## [Data shown]
═══

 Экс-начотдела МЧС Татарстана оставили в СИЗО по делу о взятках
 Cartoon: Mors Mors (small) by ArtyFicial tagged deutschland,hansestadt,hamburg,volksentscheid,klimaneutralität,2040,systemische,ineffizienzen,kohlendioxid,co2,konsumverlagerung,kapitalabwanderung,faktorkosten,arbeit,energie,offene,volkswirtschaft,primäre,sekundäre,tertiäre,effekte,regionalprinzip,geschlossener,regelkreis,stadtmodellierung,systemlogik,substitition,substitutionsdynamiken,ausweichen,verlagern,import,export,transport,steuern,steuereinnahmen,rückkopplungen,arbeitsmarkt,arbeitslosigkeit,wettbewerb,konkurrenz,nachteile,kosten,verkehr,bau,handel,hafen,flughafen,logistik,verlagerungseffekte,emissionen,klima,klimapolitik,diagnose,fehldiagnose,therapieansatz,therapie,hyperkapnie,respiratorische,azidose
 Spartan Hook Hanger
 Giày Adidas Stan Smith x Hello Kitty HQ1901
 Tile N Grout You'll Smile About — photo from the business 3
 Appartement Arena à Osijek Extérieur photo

═══

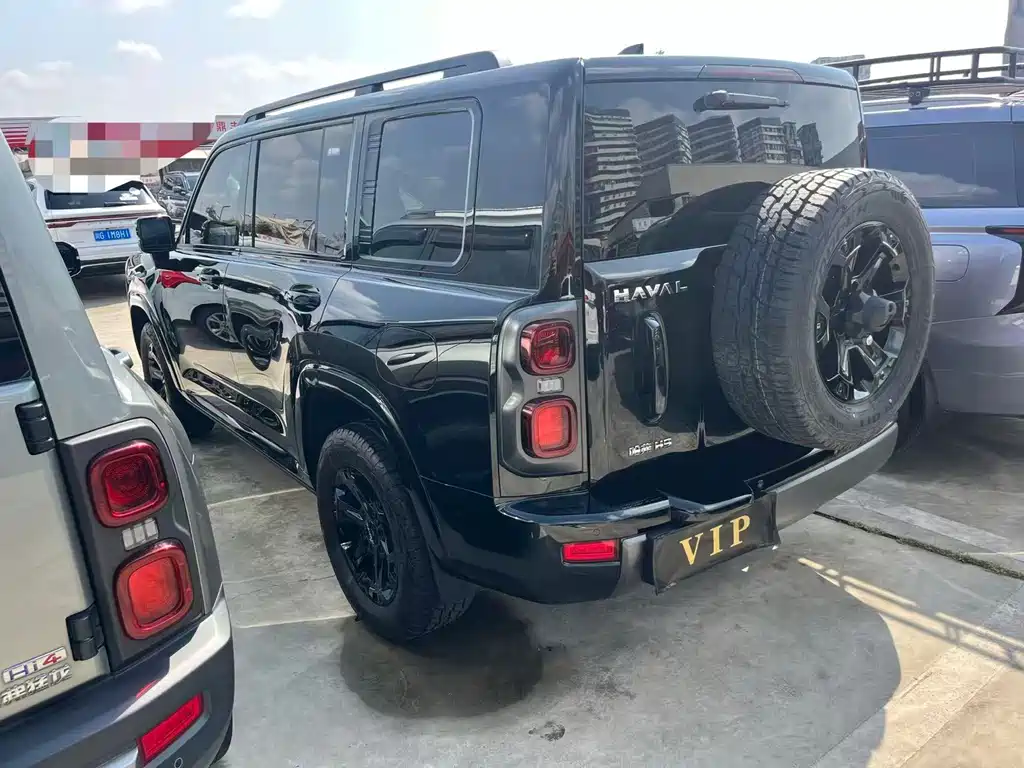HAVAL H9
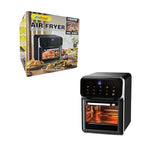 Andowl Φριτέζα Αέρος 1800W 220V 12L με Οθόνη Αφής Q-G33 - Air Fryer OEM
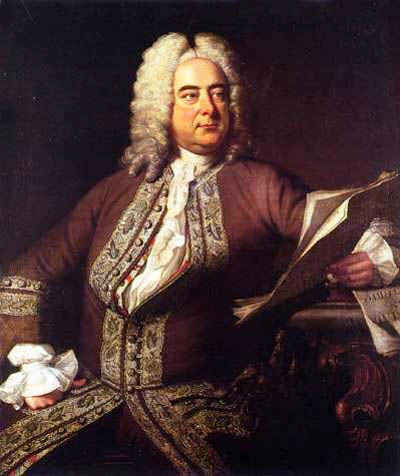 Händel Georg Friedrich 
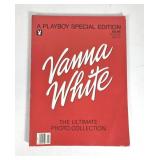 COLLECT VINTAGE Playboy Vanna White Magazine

═══

## [Problem statement]
Return only the stretch of the material above from the line holding "Экс-начотдела МЧС Татарстана" through the line holding "Appartement Arena à Osijek Extérieur photo", copied exactly.

## [Problem solution]
 Экс-начотдела МЧС Татарстана оставили в СИЗО по делу о взятках
 Cartoon: Mors Mors (small) by ArtyFicial tagged deutschland,hansestadt,hamburg,volksentscheid,klimaneutralität,2040,systemische,ineffizienzen,kohlendioxid,co2,konsumverlagerung,kapitalabwanderung,faktorkosten,arbeit,energie,offene,volkswirtschaft,primäre,sekundäre,tertiäre,effekte,regionalprinzip,geschlossener,regelkreis,stadtmodellierung,systemlogik,substitition,substitutionsdynamiken,ausweichen,verlagern,import,export,transport,steuern,steuereinnahmen,rückkopplungen,arbeitsmarkt,arbeitslosigkeit,wettbewerb,konkurrenz,nachteile,kosten,verkehr,bau,handel,hafen,flughafen,logistik,verlagerungseffekte,emissionen,klima,klimapolitik,diagnose,fehldiagnose,therapieansatz,therapie,hyperkapnie,respiratorische,azidose
 Spartan Hook Hanger
 Giày Adidas Stan Smith x Hello Kitty HQ1901
 Tile N Grout You'll Smile About — photo from the business 3
 Appartement Arena à Osijek Extérieur photo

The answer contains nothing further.